Başbakan Yardımcısı ve Dışişleri Bakanı Kudret Özersay, katıldığı bir televizyon programında son yıllarda çözümden önce Kıbrıs’taki ve bölgedeki taraflar arasında işbirliği yapılmasını dile getirdiklerini, dünyanın da giderek bu noktaya gelmeye başladığını vurguladı.
“Somut bir ilerleme elde etmek için kapsamlı çözümü beklemeye gerek yoktur” diyen Özersay, “Kıbrıs’ta çözüm, çözümden önce işbirliği ile mümkün” vurgusu yaptı.
Özersay, Kıbrıs sorununa ilişkin ortaya koydukları vizyonla, Birleşmiş Milletler’in son iki raporunda yer alan ifadelerin ve Avrupa Birliği yetkililerin yaptığı tespitlerin birbiriyle örtüştüğünü ifade etti.
Özersay, yaşanan süreci ve çizdikleri yolu şu sözlerle aktardı:
“Çözümden önce de doğalgaz vb. konularda işbirliği yapılması gerektiğini, bunun mümkün olduğunu, taraflar birbirini tanımasa da bunun olabileceğini söylemiş, böyle bir çerçeve koymuştuk ortaya.
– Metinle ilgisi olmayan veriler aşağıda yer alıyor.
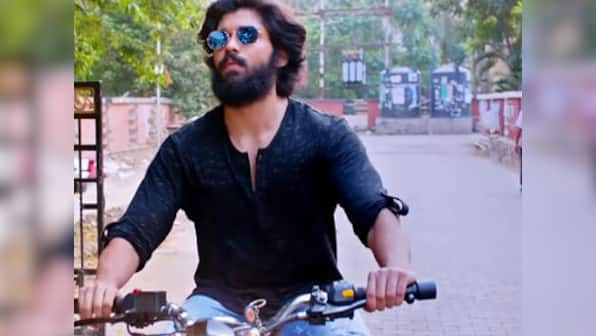 Adithya Varma producer weighs on why Kabir Singh's success isn't a deterrent for Dhruv Vikram's debut film
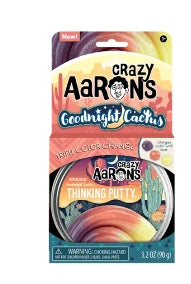 Aarons Putty 90g Tin - Varieties - Sensory Kingdom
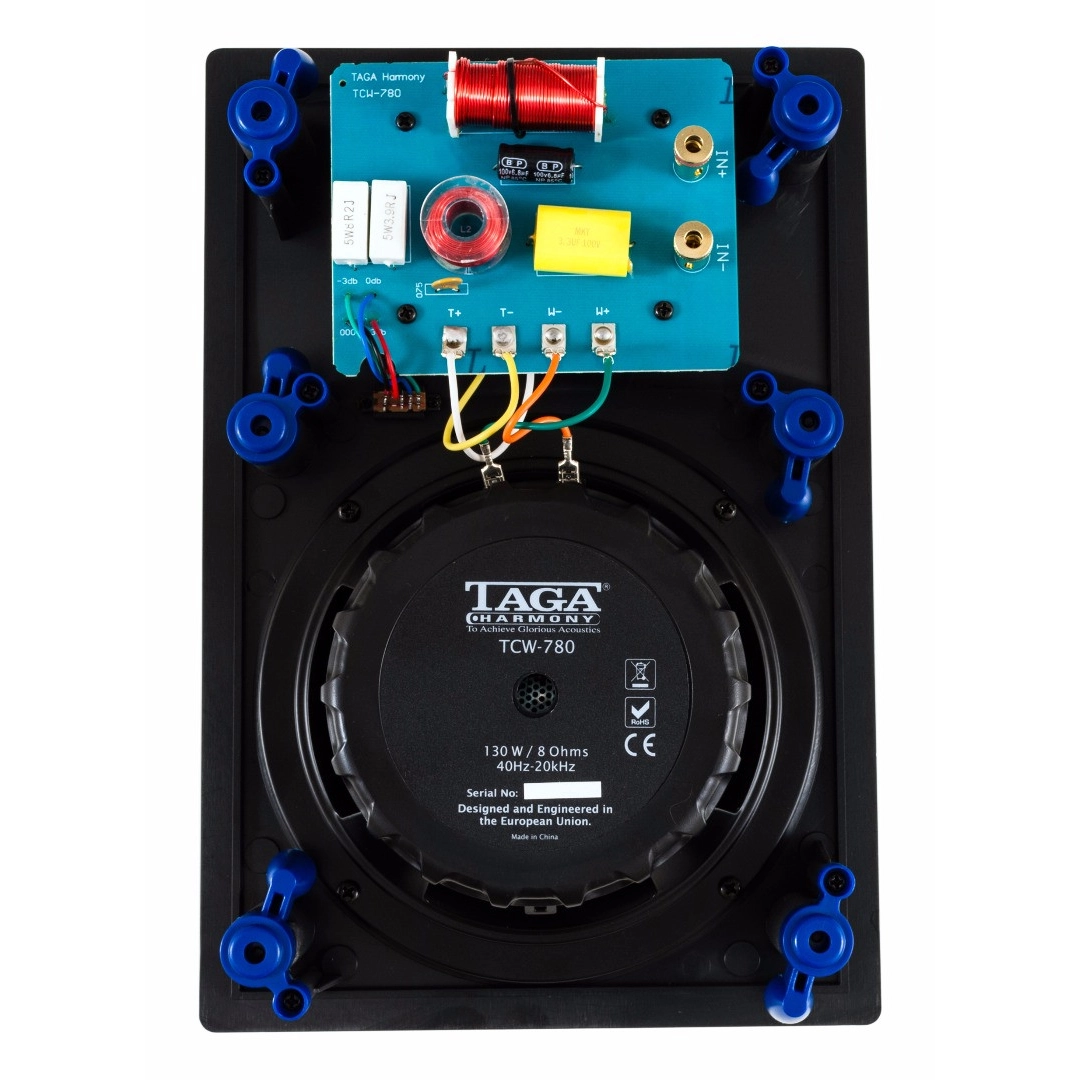 Вбудована акустика Taga Harmony TCW-780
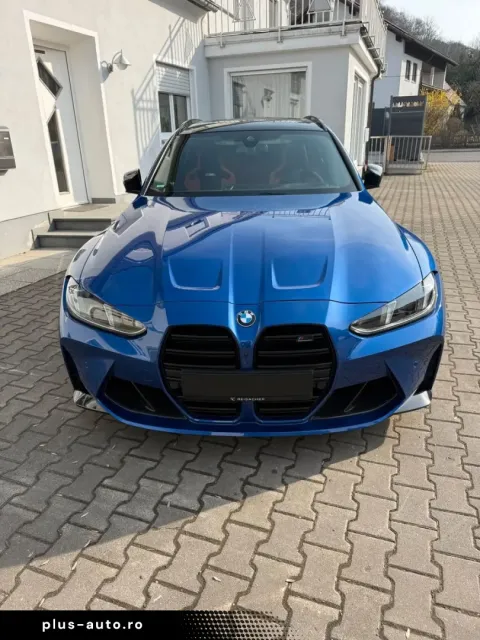 BMW M3 — poza 3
Sonrasında bu BM’nin kendi raporuna yansıdı. BM’nin son iki raporunda ‘Ada’daki taraflar ve diğer ilgili bütün taraflar Kıbrıs’ta çözümden önce tanımaya-tanımamaya takılmaksızın diyalog ve işbirliği yapmalıdır’ ifadesi tekrar edildi. Bu bizim bir süredir ısrarla savunduğumuz, yavaş yavaş da yer etmeye başlayan bir fikirdir. Avrupa Birliği yetkilileri de artık bu tespiti yapıyor. İki yıl önce söylediğimize geliyorlar. Bütün hayatımızı, bütün Doğu Akdeniz’deki gelişmeleri Kıbrıs’taki çözüme endekslemek hatadır. Yeni kapılar aralamalıyız. Kıbrıs’ta kapsamlı bir çözüm arayışı devam ederken buna paralel bir biçimde iki taraf arasındaki güvene yardımcı olacak, Kıbrıs Rum tarafını paylaşmaya hazır hale getirebilecek ve çatışma riskini ortadan kaldıracak bir işbirliği başlatmamız lazım. Bu dediğimiz doğalgaz gibi kritik konularda daha zor olur belki ama imkansız değildir.”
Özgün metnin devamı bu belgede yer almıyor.